Q2. Qui sont les utilisateurs?
«Détrompez-vous si vous croyez que ce concept ne rejoint que les jeunes entrepreneurs. Toutes les tranches d'âge sont bien représentées. La formule d'habitat participatif répond à des besoins universels des entrepreneurs, notamment celui de connaître la culture du pays visité et d'intégrer le milieu des affaires.»

«Bien que ces gens témoignent d'intérêts communs et d'une personnalité ouverte et sociable, ils s'activent souvent dans des sphères d'activité fort différentes.»

Q3. Quels sont les avantages?
«On retrouve généralement les formules d'habitat participatif et de cotravail sur le même lieu. Une adresse fixe peut donc être enregistrée dans ce pays. Ce concept représente une économie par rapport aux séjours à l'hôtel. Sans compter qu'il permet de se sentir un peu chez soi, même à l'autre bout de la planète.»

«Aussi, la socialisation et le réseautage qu'il favorise sont de précieux aspects à considérer quand on désire s'intégrer à une région. D'ailleurs, un gestionnaire de communauté est généralement mandaté pour animer le réseau.»

Q4. Comment expliquer cette tendance?
«Plusieurs types d'entrepreneurs sont appelés à séjourner de longues périodes à l'étranger afin de mieux connaître les marchés ciblés. Il y a aussi les entrepreneurs plutôt nomades qui adorent voyager et qui veulent bénéficier d'un pied-à-terre qui leur permet de joindre l'utile à l'agréable, dans des coins de pays qui les attirent particulièrement.»

«Dans certains endroits du monde, l'habitat participatif est une solution intéressante au problème de logements, dont les coûts sont souvent abusifs, en Scandinavie par exemple. Par contre, en Asie, c'est plutôt l'inverse, le concept rejoint davantage les mieux nantis puisqu'il est peu abordable. Plusieurs pays européens sont déjà bien organisés pour ce genre d'habitat participatif, comme l'Espagne et le Portugal. La formule est tellement populaire qu'ils doivent gérer des listes d'attente.»
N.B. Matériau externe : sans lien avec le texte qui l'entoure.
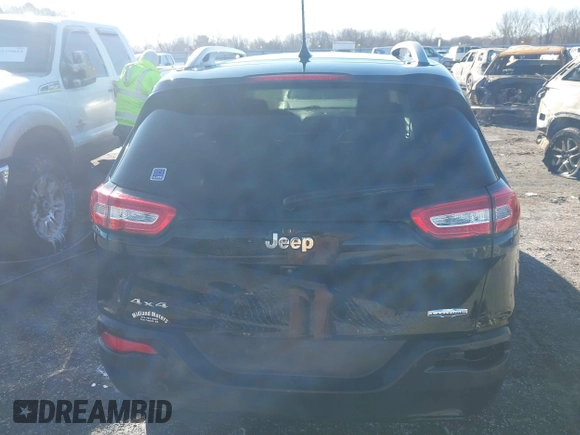 2018 Jeep Cherokee Latitude Plus with VIN 1C4PJMLB0JD507197, listed as a IAAI auction lot 41360448 with 61,877 mi miles and . Bid and sale history available at carsss.com. Image 16.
Q5. Au Canada, où en sommes-nous?
«Plus conservateur, le Canada est en retard. Le concept est peu présent sur le territoire, le politique démontre peu d'ouverture encore.»

«Nous travaillons depuis plus d'un an au développement de notre projet à Montréal. Notre concept rejoindra autant les locaux que la clientèle internationale. Nous avons rencontré quelques difficultés pour l'immobilier, mais nous demeurons optimistes de voir sa réalisation d'ici 2018-2019.»